Defendant next contends that Scott is inapplicable to the facts of this case because he has not challenged the propriety of the attempt (armed *683robbery) conviction. Although it is true that both in Scott and Griffin the defendant was seeking some sort of relief with respect to the conviction that the reviewing court remanded for entry of a sentence upon, we do not believe that this court’s authority under Supreme Court Rule 366(a) (Ill. Rev. Stat. 1977, ch. 110A, par. 366(a)) to remand a cause for the imposition of a sentence so as to complete the circuit court’s order and render the judgment final may be stripped of it merely by the defendant’s careful avoidance of any issue as to the incomplete conviction. The existence of an appeal rather than the issues raised by the appellant is the paramount element in triggering our power to remand the cause for completion of the trial court’s order. (People v. Dean, 61 Ill. App. 3d 612, 378 N.E.2d 248; see also People v. Lilly, 56 Ill. 2d 493, 496, 309 N.E.2d 1, 2, where the supreme court held it had authority to vacate an incomplete judgment on an indecent liberties verdict by virtue of the fact that it had the cause properly before it to review defendant’s claim as to his rape conviction; see also the passage from Scott set out above.) Moreover, we note that the defendant indicated in his notice of appeal that he was appealing a judgment of guilty on one count of attempt (armed robbery) and one count of attempt (murder), thus conferring us jurisdiction as to both counts. See Supreme Court Rule 606(a), Ill. Rev. Stat. 1977, ch. 110A, par. 606(a).

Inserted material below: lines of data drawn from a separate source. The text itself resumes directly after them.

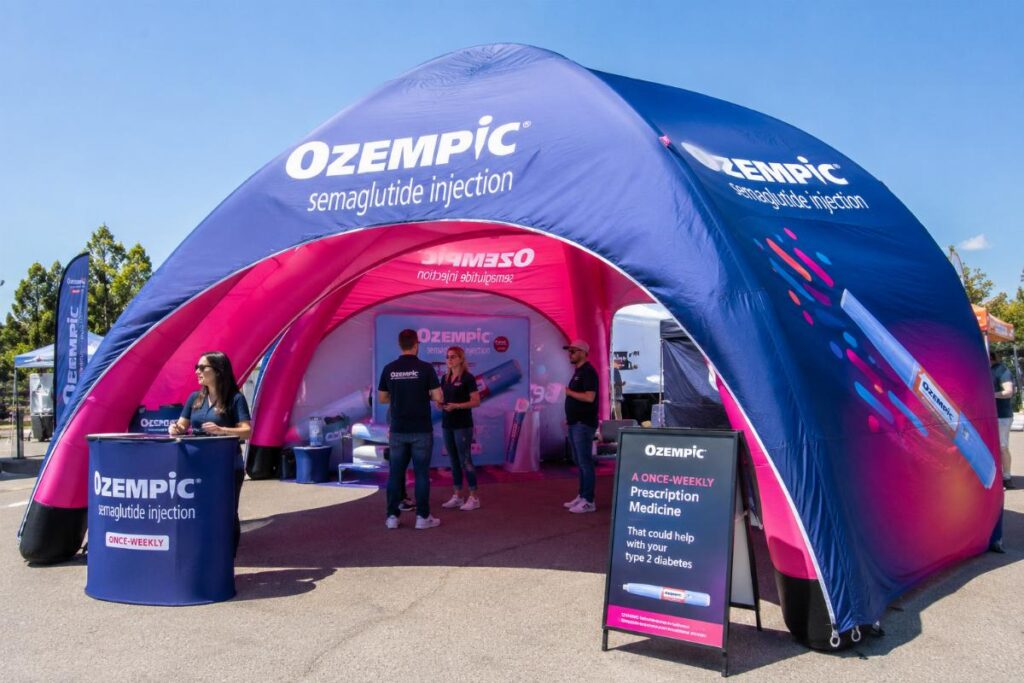 Custom printed inflatable PVC tent set up at outdoor consumer roadshow event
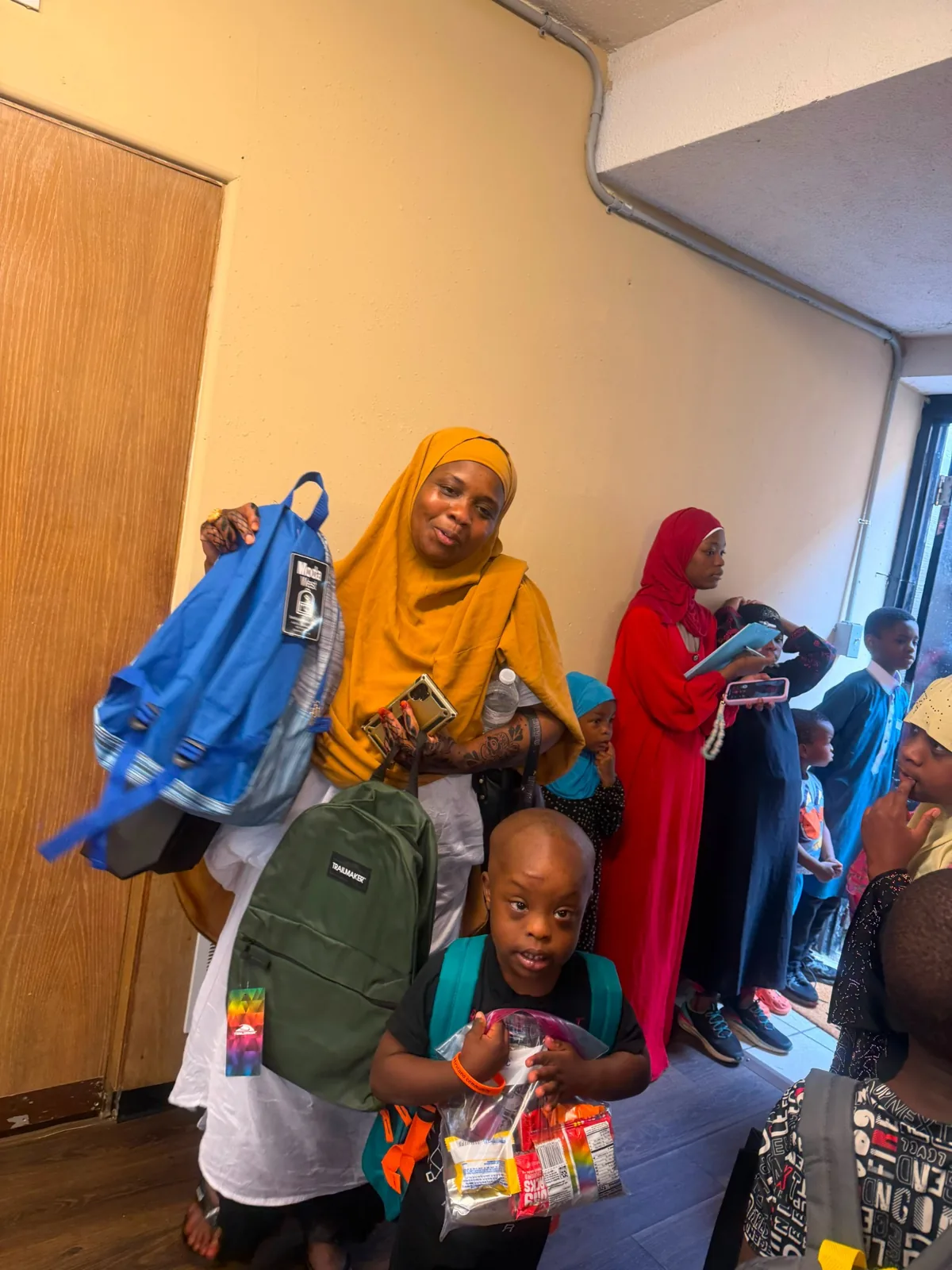 A family receiving backpacks and school supplies during the August 2 event.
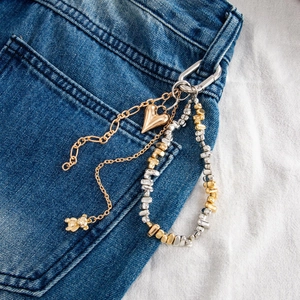 Close-up of multilayer heart and bear charms on a metallic chain for jeans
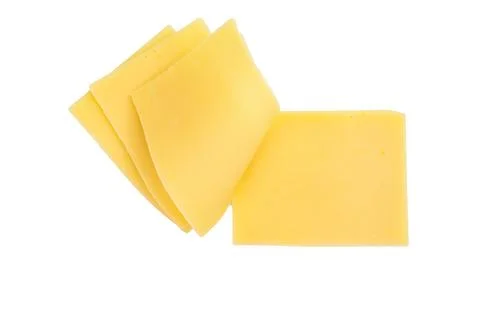 Stack of semi hard yellow cheese slices on clean white background, Gouda Ed.. Stock Photos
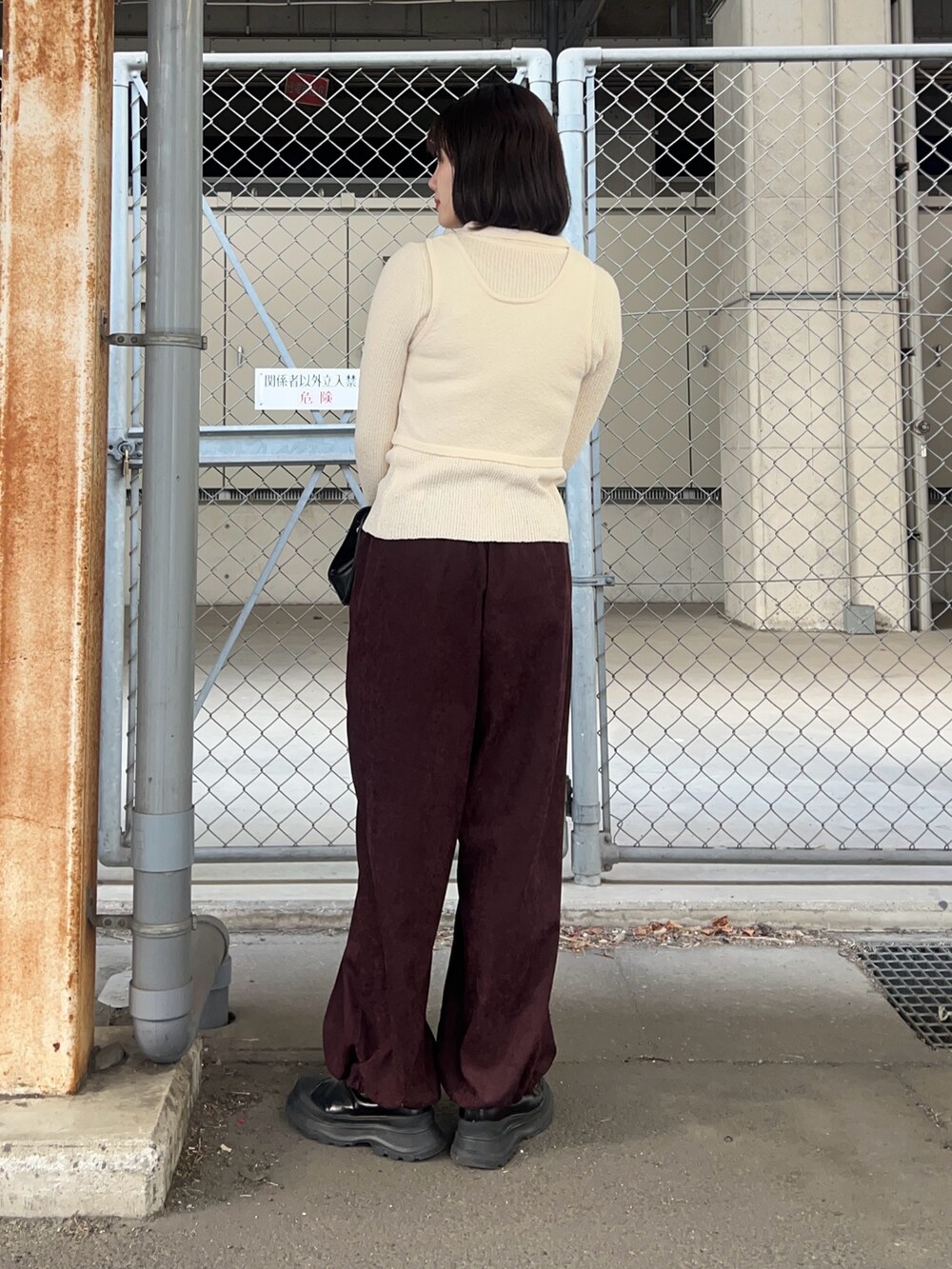 ホワイト系のニット/セーター、レッド系のその他パンツ、ブラック系のボストンバッグを着用したレディースの冬コーディネートの2枚目の写真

Defendant next contends that Scott is inapplicable since it did not hold that a reviewing court can require a trial court which intentionally declined to impose a sentence on one of two convictions to impose a sentence when there are no other erroneous assumptions applied in the sentencing proceedings. See People v. Dean, holding that a trial court lacks authority to fail to impose any sentence on a properly entered judgment of conviction.

This argument is inapplicable to the case at bar since the comments of the court clearly imply that he did not impose a sentence on the attempt (armed robbery) conviction since it was a less serious offense arising out of the same general transaction. Such sentencing assumption was incorrect. Under the rule of People v. King, 66 Ill. 2d 551, 565, 363 N.E.2d 838, 845, it is clear that concurrent sentences were proper since these offenses are clearly not lesser included offenses. Moreover, if a substantial change in the nature of defendant’s criminal objective occurred prior to his shooting Ray Vaughn, consecutive sentences were proper. Ill. Rev. Stat. 1975, ch. 38, par. 1005 — 8—4(a); People v. King.

Defendant finally argues that to allow the State to seek a sentencing remand is to threaten the defendant with the imposition of additional penalties for taking an appeal. The supreme court confronted this issue in Scott and found it without merit. We must do likewise.

*684For the foregoing reasons, we affirm the judgment of the circuit court of St. Clair County and remand this cause to that court for entry of a sentence on the conviction of attempt (armed robbery).

Affirmed and remanded.

G. J. MORAN and WINELAND, JJ., concur.